Released this week after two years of studies, the Macau Government Tourism Office (MGTO) Industry Development Master Plan makes numerous eye-catching predictions on the gaming region’s economic future. Among the most noteworthy forecasts is that the city agency believes visitors’ non-gaming spend will balloon from $6.6 billion last year, to between $12 billion and $14 billion by 2025.
It also believes total annual visitor arrivals will jump from 30.95 million in 2016, to as many as 40 million by 2025. Those travelers will also be expected to stay longer, with average lengths of stays increasing from 2.1 days to 2.3 days.

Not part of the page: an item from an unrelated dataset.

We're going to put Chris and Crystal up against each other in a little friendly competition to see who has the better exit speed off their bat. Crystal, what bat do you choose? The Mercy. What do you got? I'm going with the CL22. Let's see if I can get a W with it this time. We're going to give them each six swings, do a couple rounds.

The MGTO said its numbers were reached “based on a scientific and precise methodology.” It admitted, however, that tourism is a vulnerable and susceptible industry that can be easily influenced by external factors.
Even if those non-gaming spending numbers come true, the casinos will still reign supreme. Gaming win totaled $28 billion last year.
Bright and Sunny Forecast
Nearly every sector of the Macau tourism industry is expected to grow, according to the MGTO. That will lead to continued investments from casino operators and hoteliers.

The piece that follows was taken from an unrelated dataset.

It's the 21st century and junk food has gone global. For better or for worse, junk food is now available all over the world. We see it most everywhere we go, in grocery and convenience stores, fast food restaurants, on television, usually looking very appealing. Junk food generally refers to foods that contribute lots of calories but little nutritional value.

Over the next eight years, the tourism office expects the total number of hotel rooms to grow from its current level at around 38,000 to between 48,600 and 51,900 occupancies. Tourism-related employment will coincidentally expand, with the total workforce predicted to surge from 242,000 workers in 2016 to almost 300,000 by 2025.

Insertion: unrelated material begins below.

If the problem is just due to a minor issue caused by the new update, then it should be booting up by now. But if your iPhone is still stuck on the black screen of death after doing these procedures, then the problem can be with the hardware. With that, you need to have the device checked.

The Special Administrative Region’s goal is to become the “World Center of Tourism and Leisure.” To accomplish that feat, Macau officials are encouraging resorts to diversify their casino-focused operations and appeal to more of the mass market. That includes building hotels that aren’t primarily tailored for the wealthy.
The tourism office reports that over 81 percent of hotel rooms in Macau are currently classified as either four-star or five-star rooms. And while a five-star room at a Cotai Strip resort might sometimes go for only $150, a bargain to those in the US, for the middle-class Chinese worker, it’s practically unattainable.
According to the International Monetary Fund, the average salary for a Chinese citizen was just $8,113 last year.
Museum Overhaul
When one hears Macau, most immediately think gambling. The tourism office wants to change that by developing non-gaming attractions that it’s labeling “edutainment” facilities.
Macau says the government should fund an upgrade and expansion at the shuttered Grand Prix Museum and Wine Museum.
The Grand Prix Museum had celebrated the storied history of the Formula Three championship race that continues to take place each year on city streets. The 3.8-mile Guia Circuit is considered one of the most challenging street circuits in the world.
Located next to the Grand Prix Museum, the Wine Museum had celebrated Portuguese wine, and offered educational tasting programs.